WHAT THE TASK REQUIRES
Each line below is to be written out in full, exactly as shown.
*** DATA FOR THIS TASK ***
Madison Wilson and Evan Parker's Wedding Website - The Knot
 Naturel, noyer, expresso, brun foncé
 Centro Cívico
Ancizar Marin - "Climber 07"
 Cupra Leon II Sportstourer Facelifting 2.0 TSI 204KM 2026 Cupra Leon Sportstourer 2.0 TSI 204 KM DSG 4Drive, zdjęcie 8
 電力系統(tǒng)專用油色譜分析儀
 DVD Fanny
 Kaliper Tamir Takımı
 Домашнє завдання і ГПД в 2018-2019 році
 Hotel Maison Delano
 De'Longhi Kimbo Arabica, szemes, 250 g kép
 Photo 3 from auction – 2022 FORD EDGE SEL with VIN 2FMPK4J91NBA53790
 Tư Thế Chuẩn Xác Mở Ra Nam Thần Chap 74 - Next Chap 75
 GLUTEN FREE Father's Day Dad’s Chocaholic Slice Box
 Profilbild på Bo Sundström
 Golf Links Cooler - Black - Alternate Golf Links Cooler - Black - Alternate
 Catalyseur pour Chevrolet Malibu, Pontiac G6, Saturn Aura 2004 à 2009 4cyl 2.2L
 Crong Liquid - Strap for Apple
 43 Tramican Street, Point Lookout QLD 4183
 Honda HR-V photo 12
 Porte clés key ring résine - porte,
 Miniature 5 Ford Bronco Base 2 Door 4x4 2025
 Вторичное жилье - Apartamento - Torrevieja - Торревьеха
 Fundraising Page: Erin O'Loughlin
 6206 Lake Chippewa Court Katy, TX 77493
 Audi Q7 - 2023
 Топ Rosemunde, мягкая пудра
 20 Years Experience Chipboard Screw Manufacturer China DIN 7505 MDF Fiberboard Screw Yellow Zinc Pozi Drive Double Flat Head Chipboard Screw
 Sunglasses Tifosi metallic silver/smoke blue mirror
*** End of DATA FOR THIS TASK ***
TASK SOLUTION
Madison Wilson and Evan Parker's Wedding Website - The Knot
 Naturel, noyer, expresso, brun foncé
 Centro Cívico
Ancizar Marin - "Climber 07"
 Cupra Leon II Sportstourer Facelifting 2.0 TSI 204KM 2026 Cupra Leon Sportstourer 2.0 TSI 204 KM DSG 4Drive, zdjęcie 8
 電力系統(tǒng)專用油色譜分析儀
 DVD Fanny
 Kaliper Tamir Takımı
 Домашнє завдання і ГПД в 2018-2019 році
 Hotel Maison Delano
 De'Longhi Kimbo Arabica, szemes, 250 g kép
 Photo 3 from auction – 2022 FORD EDGE SEL with VIN 2FMPK4J91NBA53790
 Tư Thế Chuẩn Xác Mở Ra Nam Thần Chap 74 - Next Chap 75
 GLUTEN FREE Father's Day Dad’s Chocaholic Slice Box
 Profilbild på Bo Sundström
 Golf Links Cooler - Black - Alternate Golf Links Cooler - Black - Alternate
 Catalyseur pour Chevrolet Malibu, Pontiac G6, Saturn Aura 2004 à 2009 4cyl 2.2L
 Crong Liquid - Strap for Apple
 43 Tramican Street, Point Lookout QLD 4183
 Honda HR-V photo 12
 Porte clés key ring résine - porte,
 Miniature 5 Ford Bronco Base 2 Door 4x4 2025
 Вторичное жилье - Apartamento - Torrevieja - Торревьеха
 Fundraising Page: Erin O'Loughlin
 6206 Lake Chippewa Court Katy, TX 77493
 Audi Q7 - 2023
 Топ Rosemunde, мягкая пудра
 20 Years Experience Chipboard Screw Manufacturer China DIN 7505 MDF Fiberboard Screw Yellow Zinc Pozi Drive Double Flat Head Chipboard Screw
 Sunglasses Tifosi metallic silver/smoke blue mirror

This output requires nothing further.